=== Exercise material ===

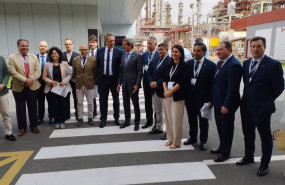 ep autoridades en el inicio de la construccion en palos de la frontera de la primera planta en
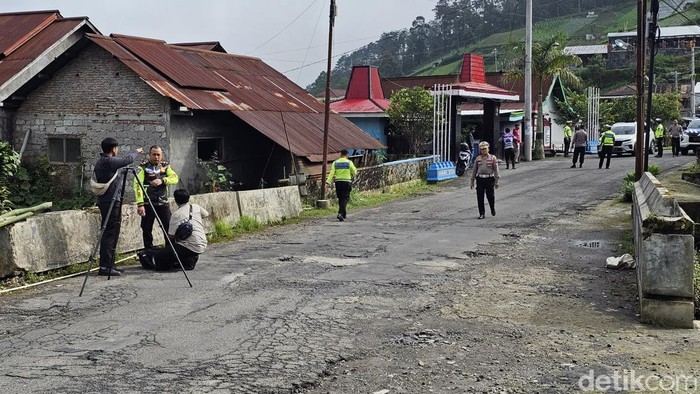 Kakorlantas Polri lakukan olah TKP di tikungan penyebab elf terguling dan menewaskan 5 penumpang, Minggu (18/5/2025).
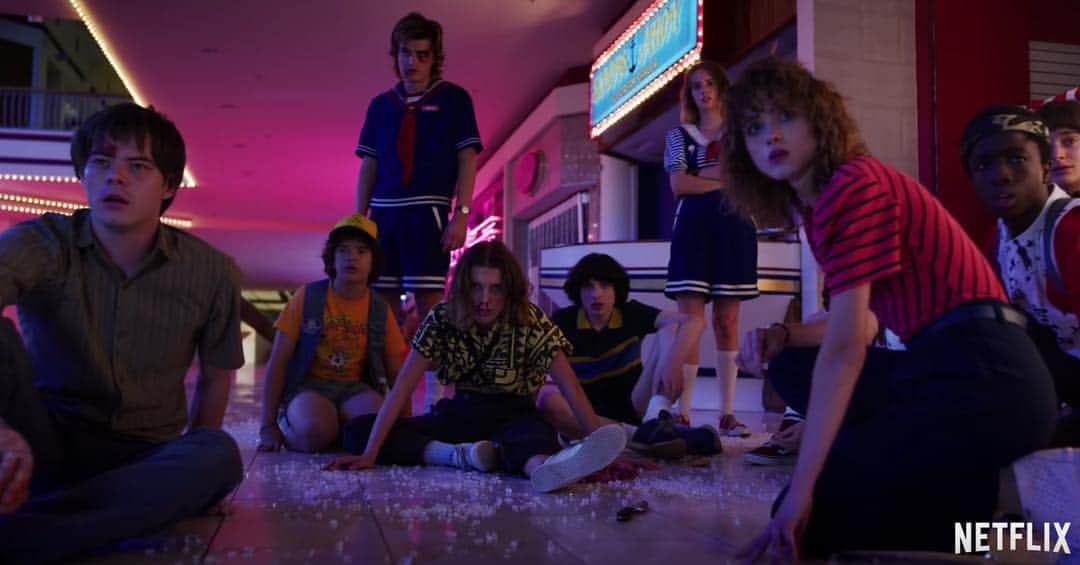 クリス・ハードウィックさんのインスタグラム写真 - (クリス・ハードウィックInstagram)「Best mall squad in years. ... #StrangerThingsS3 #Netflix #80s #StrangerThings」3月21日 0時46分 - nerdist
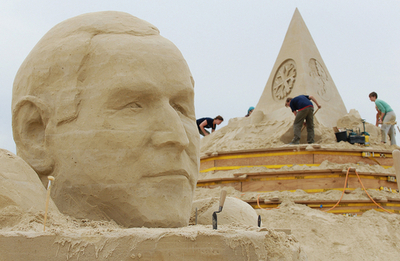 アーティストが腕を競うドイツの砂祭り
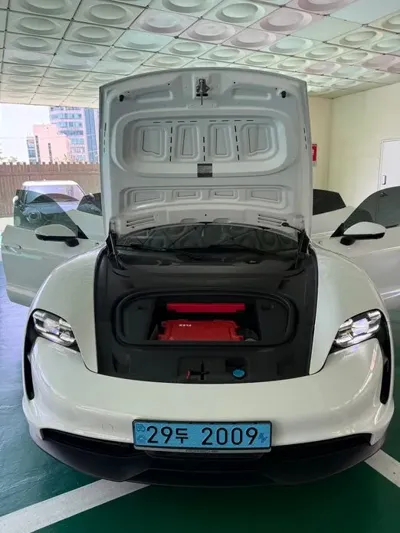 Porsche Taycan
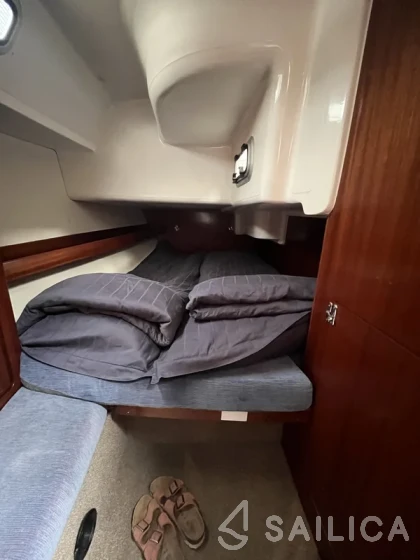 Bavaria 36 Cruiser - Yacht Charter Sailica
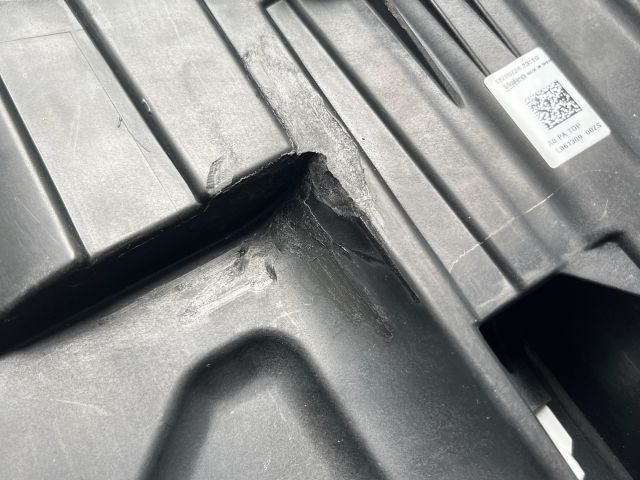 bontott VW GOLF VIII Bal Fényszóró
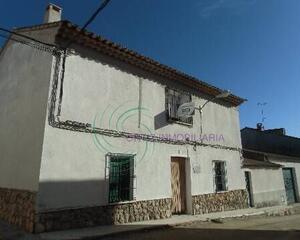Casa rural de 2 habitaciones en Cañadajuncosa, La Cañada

===
=== Exercise material ===

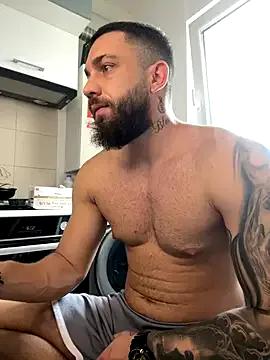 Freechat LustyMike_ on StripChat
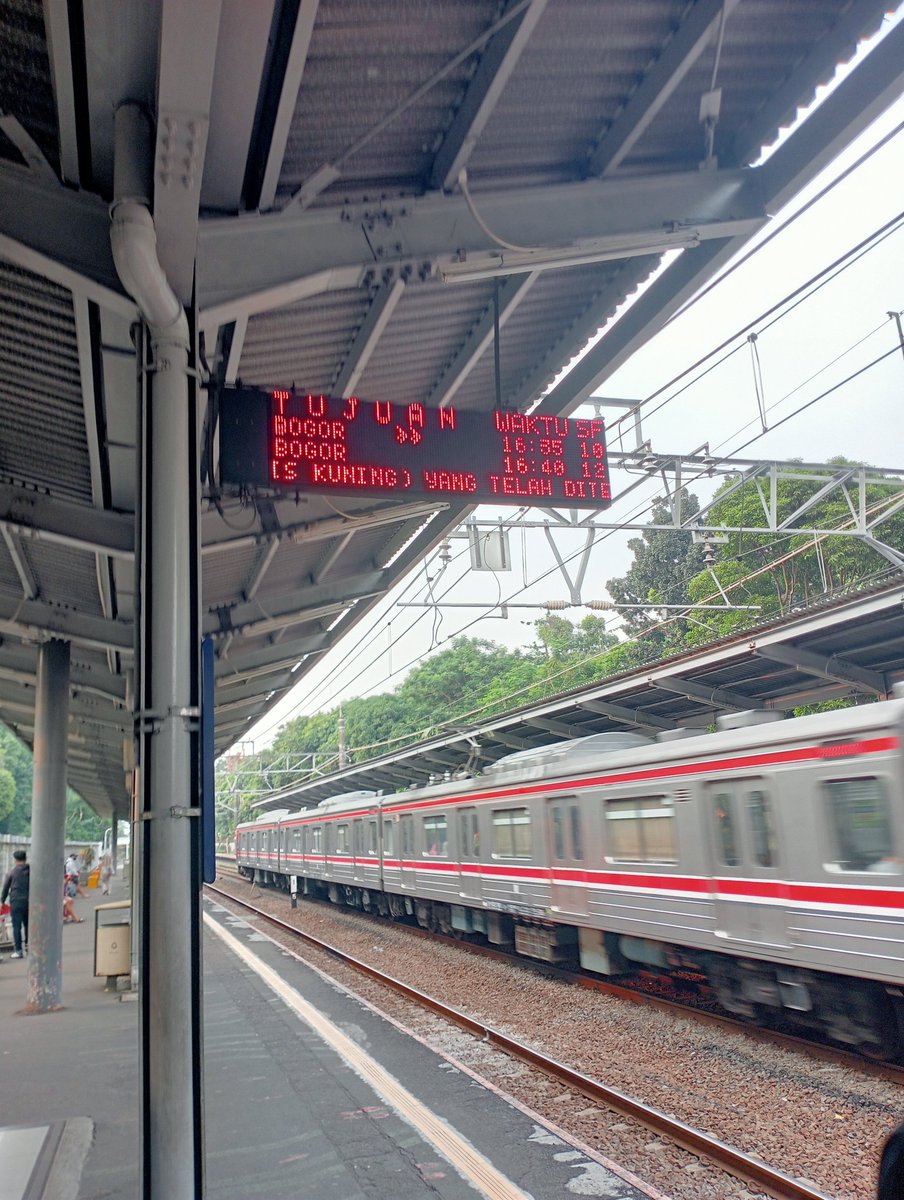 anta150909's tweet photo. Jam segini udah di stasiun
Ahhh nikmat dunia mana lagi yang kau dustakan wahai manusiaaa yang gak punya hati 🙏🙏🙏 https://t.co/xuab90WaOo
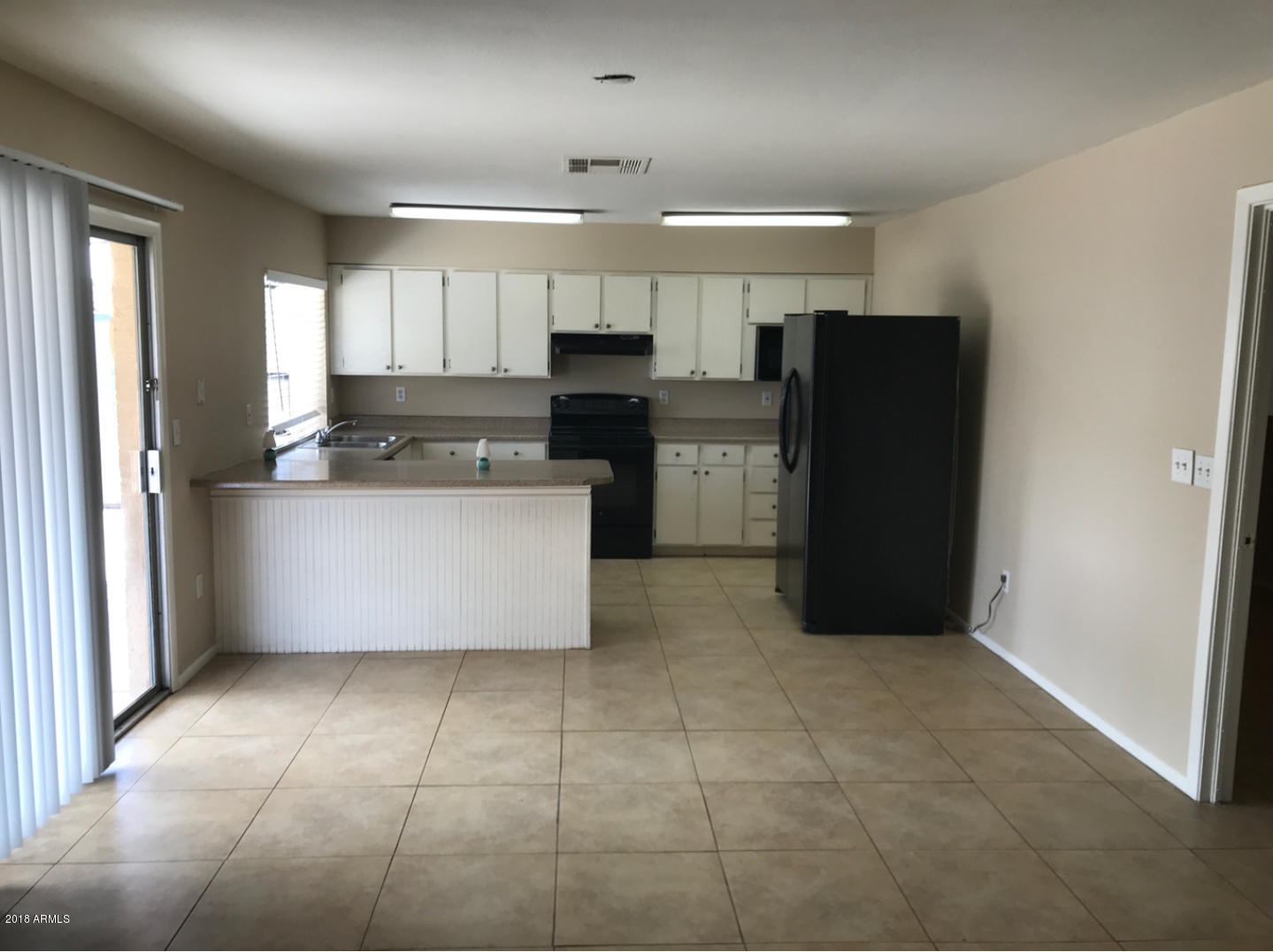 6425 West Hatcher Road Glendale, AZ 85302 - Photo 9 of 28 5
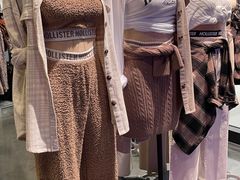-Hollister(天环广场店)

===
=== Exercise material ===

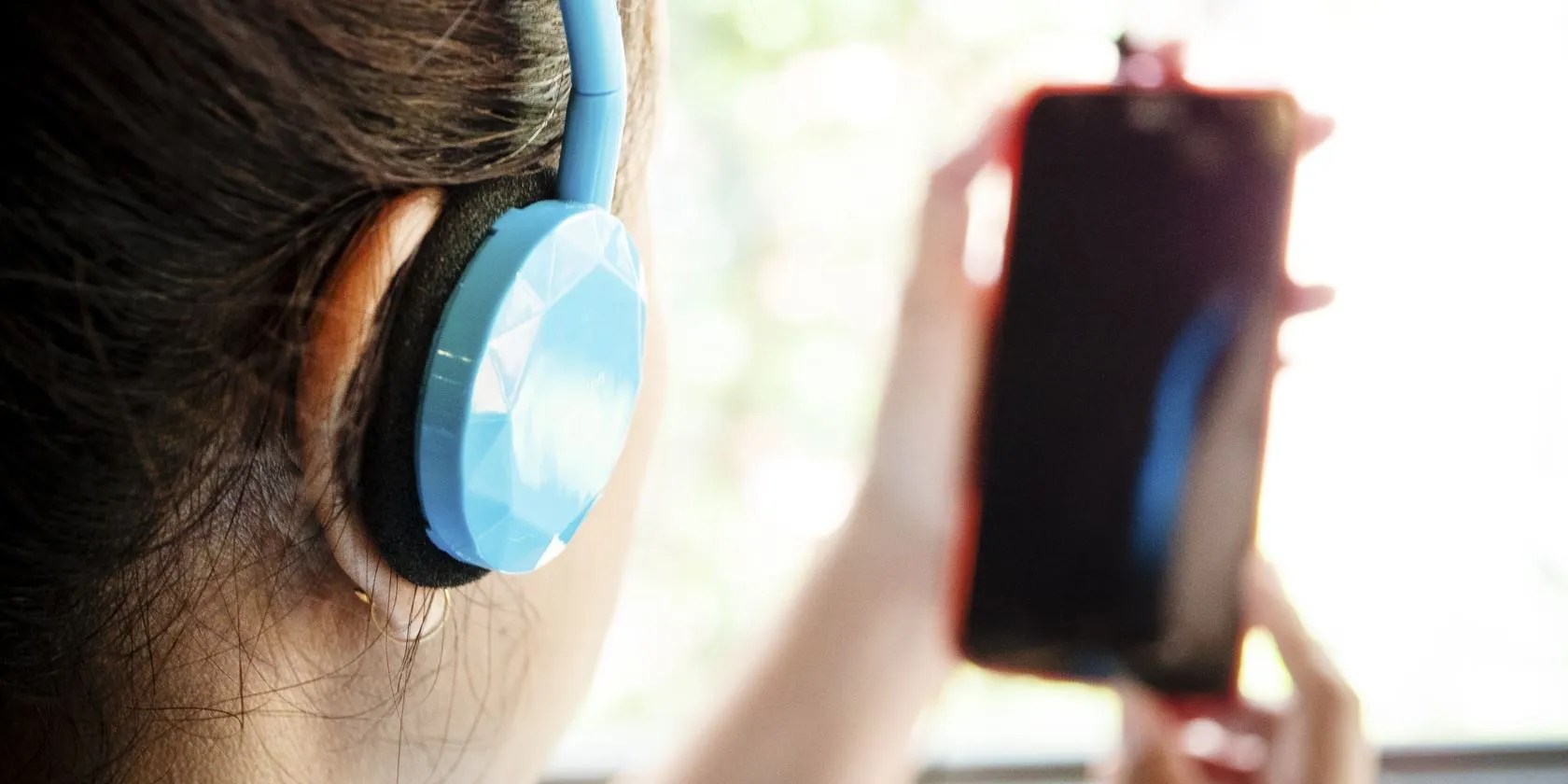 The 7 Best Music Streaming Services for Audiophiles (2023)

===

▶ [What this task involves]: Above are records with pictures. Reproduce exactly only the lines from the line with "クリス・ハードウィックさんのインスタグラム写真 - (クリス・ハードウィックInstagram)「Best" through the line with "Casa rural de", both ends included, and leave the pictures out.

▶ [Written answer]:
 クリス・ハードウィックさんのインスタグラム写真 - (クリス・ハードウィックInstagram)「Best mall squad in years. ... #StrangerThingsS3 #Netflix #80s #StrangerThings」3月21日 0時46分 - nerdist
 アーティストが腕を競うドイツの砂祭り
 Porsche Taycan
 Bavaria 36 Cruiser - Yacht Charter Sailica
 bontott VW GOLF VIII Bal Fényszóró
Casa rural de 2 habitaciones en Cañadajuncosa, La Cañada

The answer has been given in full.